El-Rei Nosso Senhor o Mandou por Antonio Rodrigues da Costa, e o Doutor José de Carvalho Abreu, Conselheiros de Seu Conselho Ultramarino, e se passou por duas vias. Antonio de Souza Pereira, a fez em Lisbôa occidental em 10 de dezembro de 1726. O Secretário André Lopes de Lavre, a fez escrever. Antonio Rodrigues da Costa. José de Carvalho Abreu.
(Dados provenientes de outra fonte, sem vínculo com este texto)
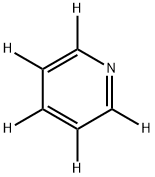 Pyridine as a solvent in paints and varnishes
Por despacho do Conselho Ultramarino de 10 de dezembro de 1726.
Ordem Régia de 10 de dezembro de 1726 (para ver o link donde foi tirada esta cópia, clique aqui).
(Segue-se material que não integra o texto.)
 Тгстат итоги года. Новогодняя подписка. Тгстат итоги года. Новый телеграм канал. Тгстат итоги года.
A primeira norma que determinou a demarcação das terras de marinha após a independência foi a Instrução nº 348, de 14.11.1832; a segunda norma foi o Decreto nº 4103, de 22.2.1868. A caracterização legal dos terrenos de marinha atualmente vigente é a descrita no decreto-lei nº  3.438/41, que disciplina as várias hipóteses em que um imóvel se configura legalmente como um terreno de marinha:
“Art. 1º. São terrenos de marinha, em uma profundidade de 33 metros, medidos para a parte da terra, do ponto em que se passava a linha do preamar médio de 1831: 
a) os situados no continente, na costa marítima e nas margens dos rios e lagoas, até onde se faça sentir a influência das marés;
(...)
Parágrafo único.  Para os efeitos deste artigo, a influência das, marés é caracterizada pela oscilação de cinco centímetros, pelo menos, do nível das águas (atração luni-solar)  que ocorra em qualquer época do ano.(...)”

A ocupação por parte de particulares dos terrenos de marinha é permitida por meio do aforamento, também disciplinado no decreto-lei 3.438/41.
O decreto-lei 2.398/87, com as modificações legislativas posteriores, estabeleceu a taxa a ser cobrada pela ocupação dos terrenos de marinha, bem como o laudêmio incidente em caso de venda:
Art. 1.º . A taxa de ocupação de terrenos da União, calculada sobre o valor do domínio pleno do terreno, anualmente atualizado pelo Serviço do Patrimônio da União (SPU), será, a partir do exercício de 1988, de:
I - 2% (dois por cento) para as ocupações já inscritas e para aquelas cuja inscrição seja requerida, ao SPU, até 31 de março de 1988;
II - 5% (cinco por cento) para as ocupações cuja inscrição seja requerida ou promovida ex officio, a partir de 1º de abril de 1988.
(...)
Art. 3º. Dependerá do prévio recolhimento do laudêmio, em quantia correspondente a 5% (cinco por cento) do valor atualizado do domínio pleno e das benfeitorias, a transferência onerosa, entre vivos, do domínio útil de terreno da União ou de direitos sobre benfeitorias neles construídas, bem assim a cessão de direito a eles relativos. (...)”
Há ainda outros dispositivos que tratam dos terrenos de marinha, mas nenhum outro que tenha maior relevância.